Uno de ellos de apellido Chen en Milán dijo que algunos chinos sufrieron de discriminación y ataques en los primeros momentos del brote, pero la actitud del pueblo italiano cambió repentinamente con la llegada de ayuda de China en la forma de especialistas y materiales de asistencia.

"Ahora, cuando me encuentro con italianos en la calle, a menudo me dicen 'xiexie' [gracias en chino]", afirmóChen.

Para ayudar a aliviar la presión en Roma, China envió el miércoles un tercer equipo de 14 expertos de la provincia de Fujian, en el este de China.

La delegación apoyará a sus colegas italianos en la tarea de prevención y brindará información a organizaciones y estudiantes chinos sobre cómo protegerse de la infección.

Xiao Ning, parte del primer grupo médico, manifestó en su momento que instó al gobierno italiano a aplicar medidas más estrictas. Señaló que solo alrededor del 40 % de la gente usa máscaras en público.

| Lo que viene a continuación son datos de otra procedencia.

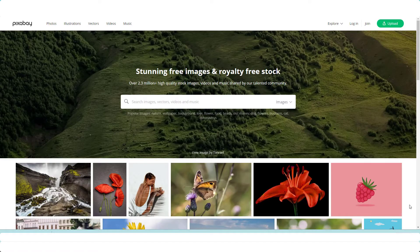I'm going to show you a few different websites here, but all of these websites have images that you can use on your blog for commercial use, meaning if you want to make money with your blog, you can use these images. Some websites have images that are free for personal use only, and you can't use those if you're going to use your blog to generate an income.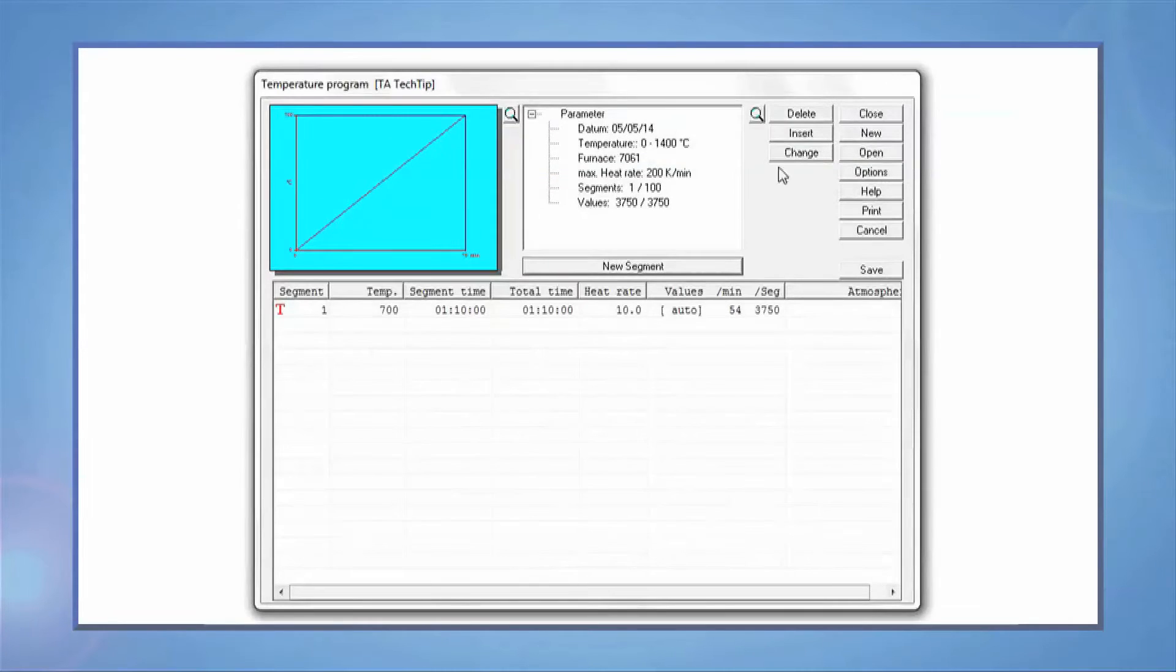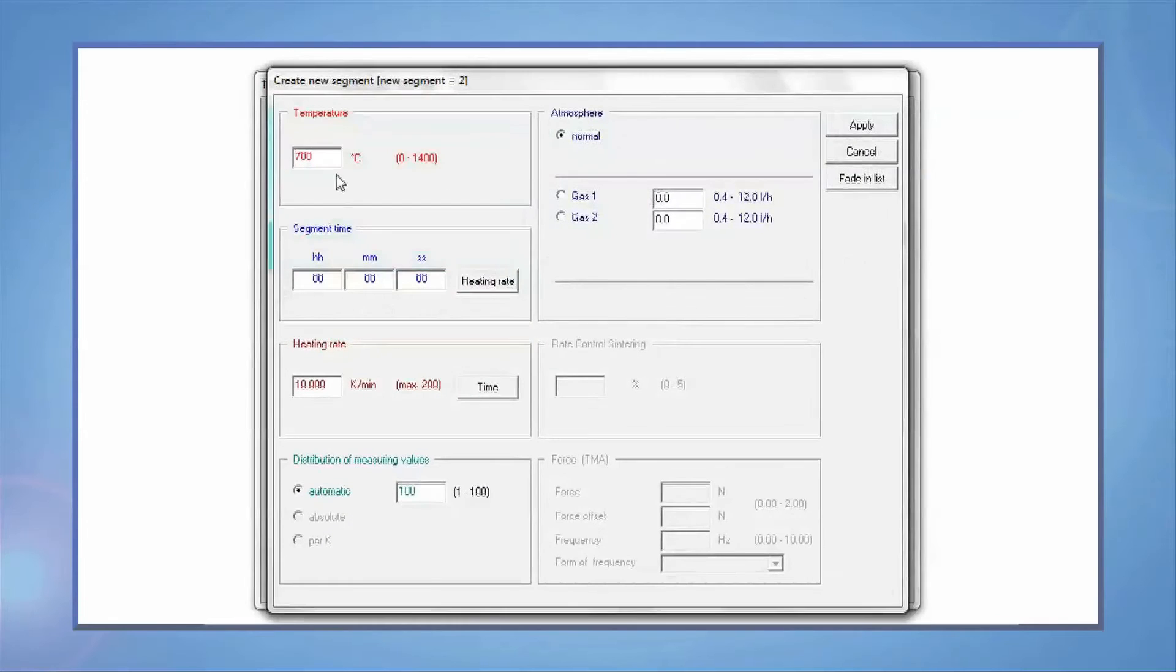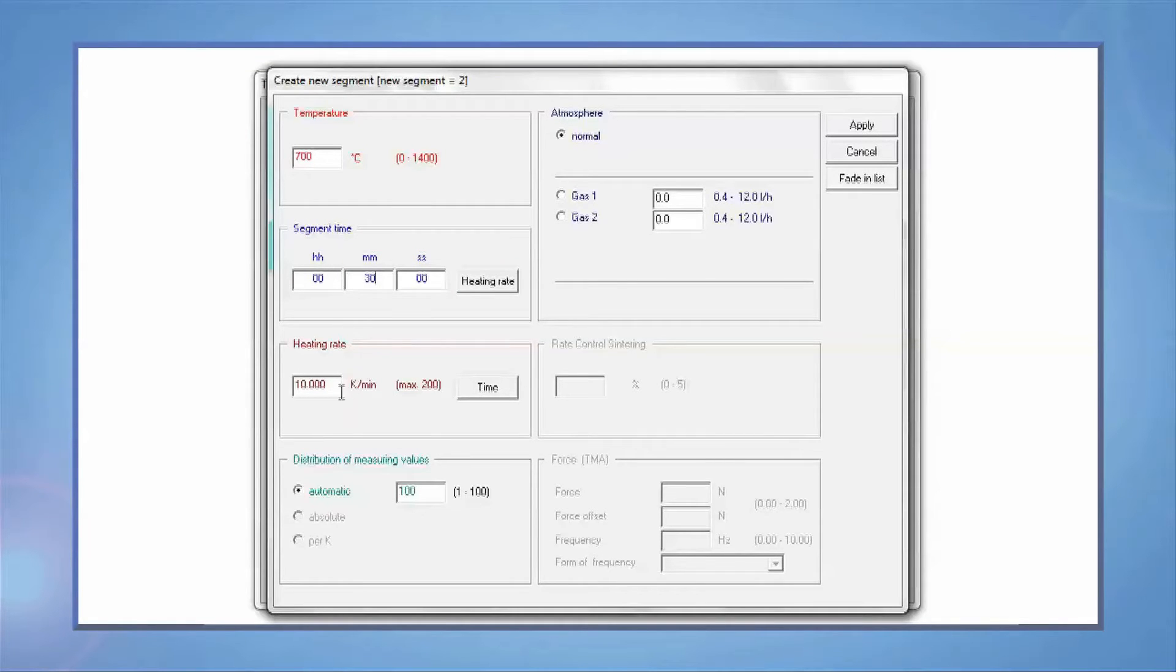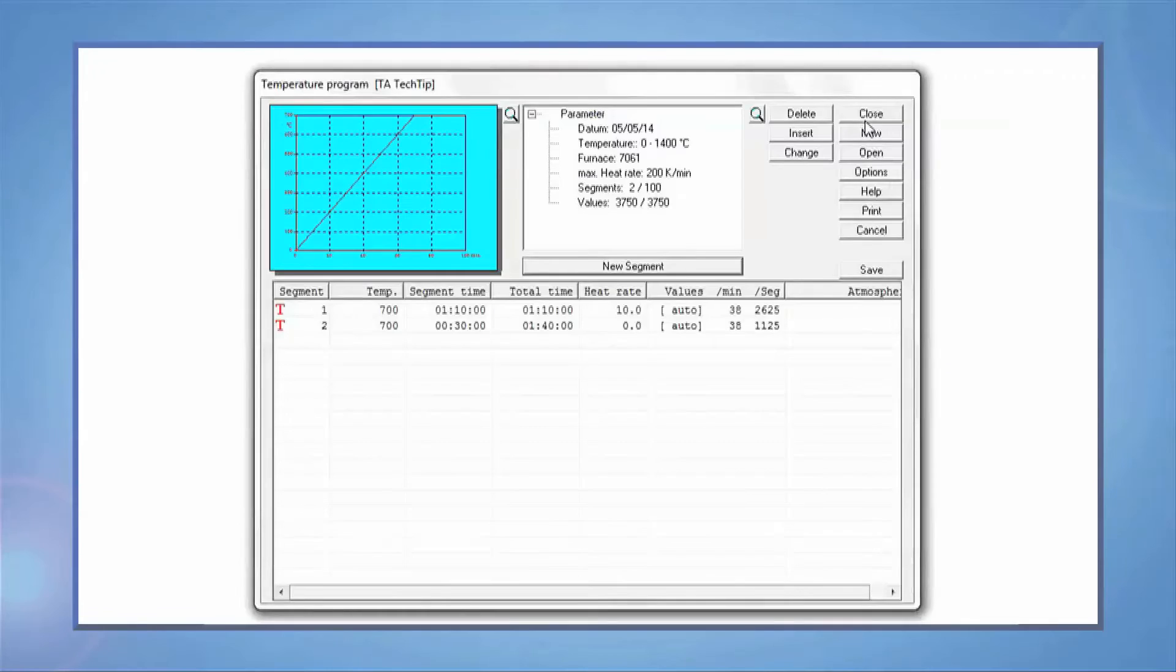If you need to run isothermal, that is also possible. Press New Segment and enter the amount of time you need and press the Time button to keep the heat rate at zero.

Xiao anotó que en un hospital de Lombardía, vio a médicos y enfermeras con solo batas y máscaras en lugar de trajes de protección de alta calidad, reservados para quienes tratan pacientes en la UCI.

HuXu, del segundo equipo, declaró que los italianos demostraron un gran interés en el tratamiento de plasma, "pero no trajimos muestras de los recuperados con nosotros esta vez porque desconocíamos el estado de sus hospitales. Entrenaremos a los italianos en esta terapia”, recalcó Hu.

El fabricante de acordeones con sede en Ancona,Scandalli, recibió el martes un correo electrónico de Wuhan, ciudad muy golpeada por el COVID-19.

En la misiva, Bob Liu, un universitario local, indicó que mientras estaba en cuarentena, tocaba un acordeón Scandalli clásico casi todos los días. Agregó que el brote en Italia le preocupa mucho, y también compartió su experiencia en la prevención del virus en su ciudad.

Elisa Lanari, trabajadora de la empresa, sostuvo que estuvo al borde de las lágrimas al leerlo. La firma prepara algunos recuerdos como regalos para Liu.

A pesar del deterioro de la situación, el primer ministro italiano Giuseppe Conte anunció el sábado el cierre de todas las compañías "no esenciales" en el país.

"También hay problemas culturales. La cuarentena es una carga psicológica muy pesada para los italianos que aman el sol y el mar. Muchos en los lugares menos afectados encuentran todo tipo de excusas para salir, ya sea un nuevo corte o la compra de comida para sus perros, porque ellos necesitan de un cierto tipo que no hay en los supermercados regulares", contó Enrico Cevitta de Parma.

La etiqueta #Andratuttobene [“todo estará bien”] es muy popular en Italia desde el brote, el deseo de su pueblo de que todo pasará muy pronto.